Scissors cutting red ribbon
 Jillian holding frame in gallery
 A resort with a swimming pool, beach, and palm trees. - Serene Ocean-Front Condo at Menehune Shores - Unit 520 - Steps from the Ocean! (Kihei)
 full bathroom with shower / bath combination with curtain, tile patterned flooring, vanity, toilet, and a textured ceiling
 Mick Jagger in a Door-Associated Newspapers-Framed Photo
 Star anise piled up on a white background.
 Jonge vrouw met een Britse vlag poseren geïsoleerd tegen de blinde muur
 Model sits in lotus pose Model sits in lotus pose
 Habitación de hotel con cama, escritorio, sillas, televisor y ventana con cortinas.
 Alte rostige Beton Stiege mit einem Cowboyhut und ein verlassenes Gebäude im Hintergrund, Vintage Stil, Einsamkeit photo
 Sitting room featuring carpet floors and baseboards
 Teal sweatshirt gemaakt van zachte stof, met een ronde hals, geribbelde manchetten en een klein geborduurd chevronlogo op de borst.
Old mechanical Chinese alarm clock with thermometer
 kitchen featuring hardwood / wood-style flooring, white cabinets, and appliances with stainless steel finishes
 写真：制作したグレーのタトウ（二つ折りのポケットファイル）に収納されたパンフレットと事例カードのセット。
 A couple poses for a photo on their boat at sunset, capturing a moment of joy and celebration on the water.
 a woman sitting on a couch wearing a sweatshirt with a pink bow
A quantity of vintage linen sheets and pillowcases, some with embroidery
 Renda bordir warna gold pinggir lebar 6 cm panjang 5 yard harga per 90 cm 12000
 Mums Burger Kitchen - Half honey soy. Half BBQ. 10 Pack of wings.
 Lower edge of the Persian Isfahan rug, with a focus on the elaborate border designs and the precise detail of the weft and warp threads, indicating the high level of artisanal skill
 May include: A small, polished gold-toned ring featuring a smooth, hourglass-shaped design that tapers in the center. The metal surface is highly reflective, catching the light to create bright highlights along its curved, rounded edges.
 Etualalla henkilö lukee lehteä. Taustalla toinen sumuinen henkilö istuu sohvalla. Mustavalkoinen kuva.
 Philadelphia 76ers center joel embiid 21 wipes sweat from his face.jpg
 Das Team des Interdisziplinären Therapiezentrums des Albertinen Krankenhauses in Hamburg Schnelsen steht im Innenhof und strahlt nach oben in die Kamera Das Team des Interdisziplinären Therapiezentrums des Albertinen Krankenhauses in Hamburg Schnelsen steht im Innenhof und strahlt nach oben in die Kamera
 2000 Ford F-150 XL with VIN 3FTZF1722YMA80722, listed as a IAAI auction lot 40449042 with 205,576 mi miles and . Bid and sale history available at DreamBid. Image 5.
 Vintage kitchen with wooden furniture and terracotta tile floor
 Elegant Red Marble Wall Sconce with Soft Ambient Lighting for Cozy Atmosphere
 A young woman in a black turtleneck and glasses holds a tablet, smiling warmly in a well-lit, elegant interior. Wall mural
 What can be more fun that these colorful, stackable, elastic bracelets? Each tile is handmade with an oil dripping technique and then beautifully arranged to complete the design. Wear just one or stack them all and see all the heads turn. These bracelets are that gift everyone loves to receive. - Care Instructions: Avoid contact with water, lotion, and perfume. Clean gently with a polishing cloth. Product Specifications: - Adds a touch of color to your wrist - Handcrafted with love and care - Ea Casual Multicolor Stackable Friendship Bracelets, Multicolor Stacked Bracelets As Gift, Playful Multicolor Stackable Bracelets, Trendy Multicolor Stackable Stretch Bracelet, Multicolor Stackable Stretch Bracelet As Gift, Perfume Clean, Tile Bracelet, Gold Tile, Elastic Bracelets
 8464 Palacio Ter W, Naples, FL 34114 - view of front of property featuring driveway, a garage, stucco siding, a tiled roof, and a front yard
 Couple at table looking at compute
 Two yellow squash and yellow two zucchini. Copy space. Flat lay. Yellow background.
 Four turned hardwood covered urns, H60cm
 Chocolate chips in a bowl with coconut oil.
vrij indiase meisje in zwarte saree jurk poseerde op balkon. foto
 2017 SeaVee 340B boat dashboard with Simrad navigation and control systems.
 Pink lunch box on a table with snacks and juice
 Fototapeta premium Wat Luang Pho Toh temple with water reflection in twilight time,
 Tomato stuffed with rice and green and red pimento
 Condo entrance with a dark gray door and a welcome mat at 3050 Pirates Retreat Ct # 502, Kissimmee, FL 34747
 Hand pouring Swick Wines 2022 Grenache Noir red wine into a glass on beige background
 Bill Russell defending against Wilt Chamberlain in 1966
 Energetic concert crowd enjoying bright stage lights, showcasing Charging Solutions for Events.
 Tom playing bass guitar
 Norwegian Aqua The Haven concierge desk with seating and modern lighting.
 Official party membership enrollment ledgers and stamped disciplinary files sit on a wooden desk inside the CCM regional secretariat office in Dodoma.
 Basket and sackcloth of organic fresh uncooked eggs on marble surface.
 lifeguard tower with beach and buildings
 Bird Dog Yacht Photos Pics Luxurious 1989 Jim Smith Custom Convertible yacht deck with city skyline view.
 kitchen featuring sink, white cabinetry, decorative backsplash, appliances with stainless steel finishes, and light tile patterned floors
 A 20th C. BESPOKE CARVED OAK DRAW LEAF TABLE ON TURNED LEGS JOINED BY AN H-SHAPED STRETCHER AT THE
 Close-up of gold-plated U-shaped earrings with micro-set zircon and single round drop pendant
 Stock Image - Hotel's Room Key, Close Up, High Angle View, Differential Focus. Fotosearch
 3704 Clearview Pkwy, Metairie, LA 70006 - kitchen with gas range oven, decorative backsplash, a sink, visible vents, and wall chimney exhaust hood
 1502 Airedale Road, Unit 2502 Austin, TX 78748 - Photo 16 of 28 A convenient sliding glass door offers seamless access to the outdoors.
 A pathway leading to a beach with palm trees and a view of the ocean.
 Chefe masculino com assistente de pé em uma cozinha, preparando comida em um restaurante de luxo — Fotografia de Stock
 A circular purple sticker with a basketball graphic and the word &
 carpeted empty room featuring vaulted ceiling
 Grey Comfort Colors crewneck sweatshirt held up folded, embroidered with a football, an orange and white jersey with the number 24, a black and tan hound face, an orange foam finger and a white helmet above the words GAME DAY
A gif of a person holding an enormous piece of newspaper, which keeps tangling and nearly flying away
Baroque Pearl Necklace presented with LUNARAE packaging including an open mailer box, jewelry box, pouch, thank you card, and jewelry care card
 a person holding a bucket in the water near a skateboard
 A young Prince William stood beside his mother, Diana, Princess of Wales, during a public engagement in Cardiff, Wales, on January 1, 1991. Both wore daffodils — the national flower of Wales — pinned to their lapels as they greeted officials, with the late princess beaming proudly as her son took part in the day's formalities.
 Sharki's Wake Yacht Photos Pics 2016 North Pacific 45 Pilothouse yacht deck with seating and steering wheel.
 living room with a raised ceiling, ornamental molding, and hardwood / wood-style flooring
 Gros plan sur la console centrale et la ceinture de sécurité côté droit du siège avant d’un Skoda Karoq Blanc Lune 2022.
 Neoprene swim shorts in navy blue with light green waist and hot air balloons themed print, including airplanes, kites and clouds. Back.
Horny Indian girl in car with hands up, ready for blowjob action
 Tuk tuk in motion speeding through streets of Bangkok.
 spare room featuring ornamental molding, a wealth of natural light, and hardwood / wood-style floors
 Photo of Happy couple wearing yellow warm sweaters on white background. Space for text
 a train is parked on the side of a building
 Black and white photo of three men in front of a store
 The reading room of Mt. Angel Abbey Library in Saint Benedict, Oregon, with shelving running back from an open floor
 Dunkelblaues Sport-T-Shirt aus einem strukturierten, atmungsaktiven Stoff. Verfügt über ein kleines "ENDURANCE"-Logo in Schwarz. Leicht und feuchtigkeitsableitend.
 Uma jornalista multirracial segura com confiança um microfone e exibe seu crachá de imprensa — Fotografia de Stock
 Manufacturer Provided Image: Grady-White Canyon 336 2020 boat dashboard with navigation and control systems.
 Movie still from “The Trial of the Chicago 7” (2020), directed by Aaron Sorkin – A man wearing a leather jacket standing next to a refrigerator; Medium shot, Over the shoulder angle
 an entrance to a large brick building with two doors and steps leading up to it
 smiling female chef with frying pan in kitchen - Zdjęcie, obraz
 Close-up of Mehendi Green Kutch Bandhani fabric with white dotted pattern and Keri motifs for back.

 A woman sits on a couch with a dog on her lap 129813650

_ _ _

_Aim of the exercise_. Give back the records above exactly, limited to the lines between the one holding "A resort with" and the one holding "Teal sweatshirt gemaakt", inclusive.

_Reply to the exercise_.
 A resort with a swimming pool, beach, and palm trees. - Serene Ocean-Front Condo at Menehune Shores - Unit 520 - Steps from the Ocean! (Kihei)
 full bathroom with shower / bath combination with curtain, tile patterned flooring, vanity, toilet, and a textured ceiling
 Mick Jagger in a Door-Associated Newspapers-Framed Photo
 Star anise piled up on a white background.
 Jonge vrouw met een Britse vlag poseren geïsoleerd tegen de blinde muur
 Model sits in lotus pose Model sits in lotus pose
 Habitación de hotel con cama, escritorio, sillas, televisor y ventana con cortinas.
 Alte rostige Beton Stiege mit einem Cowboyhut und ein verlassenes Gebäude im Hintergrund, Vintage Stil, Einsamkeit photo
 Sitting room featuring carpet floors and baseboards
 Teal sweatshirt gemaakt van zachte stof, met een ronde hals, geribbelde manchetten en een klein geborduurd chevronlogo op de borst.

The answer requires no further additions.